Things that have been gods, have stopped being considered as such. Some of them very tangible things that nobody can deny them their existence. Fire, the ocean, storms and whatnots, ancient people had no need to put a "person" in control over those, the forces themselves were unknown and scary enough. Well, fire hasn't changed much but by a huge majority the fire itself isn't regarded as anything divine (your faith's God(s) can be controlling the fire, but that is different).

When considering creationism, I think it's safe to say that the events as described in any known religious record, are not correct. Intelligent Design theory wouldn't need to be around if the majority of people were fine with taking the creation myths literally. We have to go back to a "force" creating the laws of nature rather than that force rolling up a sun, or one of those forces being the sun itself (and the sun is vital, so Sun gods have been all over the place).

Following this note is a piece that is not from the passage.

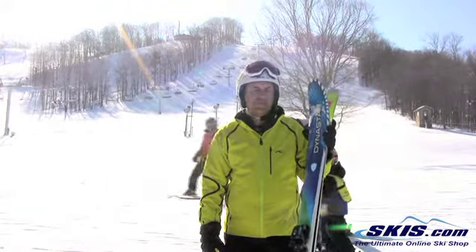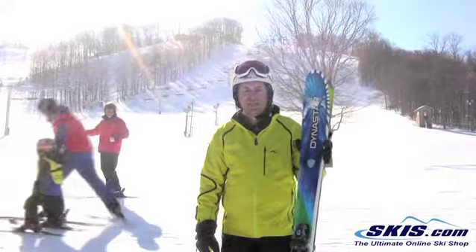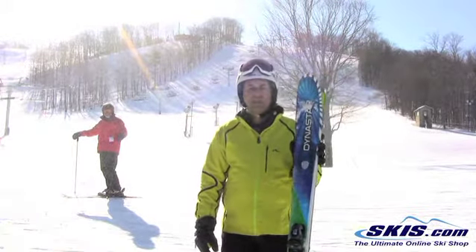It just skied different than any Dynastar I've ever skied before. I'm really impressed with this ski. Definitely on my top list of skis that I've tested all year.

I do consider myself atheist, and frankly that is very unlikely to change even if the existence of a force that creates universes like ours is absolutely proven. A few scenarios:

- created by a non-sentient force. Like something that creates universes like we create CO2. This is the closest to today's fire-atheism vs. ancient people worshipping fire. That force which creates universes, or at least one universe and its laws, is nobody's god. It never dictated holy books or did revelations. IMO a strong believer would cope with such an unaware and undemanding entity a lot harder than an atheist. I'm certainly not going to worship that force. Just be wowed at what stuff exists.

- created by a sentient, non-intervening force. Maybe a huge experiment for observations. Maybe it's not even observing. That isn't any religion's god either. It doesn't demand certain behaviour, doesn't judge, doesn't do anything once the universe is there. It would be like discovering the super aliens that are not out to rule and kill us.

- created by a sentient, intervening force. This is the Intelligent design more or less. Something created the universe, it has let us know the rules, it expects us to worship. And the problem to me is that the creation myths can't be true, so that part of this god's faith is false. Did that god continuously reveal more and more sophisticated creation stories and sides of itself (because, seriously, the gaps between a fire god, a scandalous Greek gods society and self-sacrificing Jesus are huge). Or was it a team? Did they tell a different story in different parts of the world?  Are all religions and their gods true? Or is it just one and everyone else is making stuff up because for some reason that creator only chose to tell some, conveniently not scattered around the world?

Another possibility is that people needed an explanation of where they were and who they were and myths came around. That is proven behaviour of humans. So I take the logical approach that humans come up with explanations that are not true when lacking knowledge, that humans can believe a lot of things they are told when lacking knowledge, that religion has been used for social control and it's good at that, and that of course we lack any evidence even about further interventions putting the creation aside.

We cannot disprove much about the current gods. The ones like the sun has been disproved however. The ones now are a lot more elusive seeing as we don't know where they are or what they are or whether we can see/sense/measure anything about them.

 

Recap - While I don't think our world was crafted in its mechanisms (planned or unplanned), even if one day we had no doubt about that being the case, I absolutely don't believe that this creator has anything to do with people's various gods.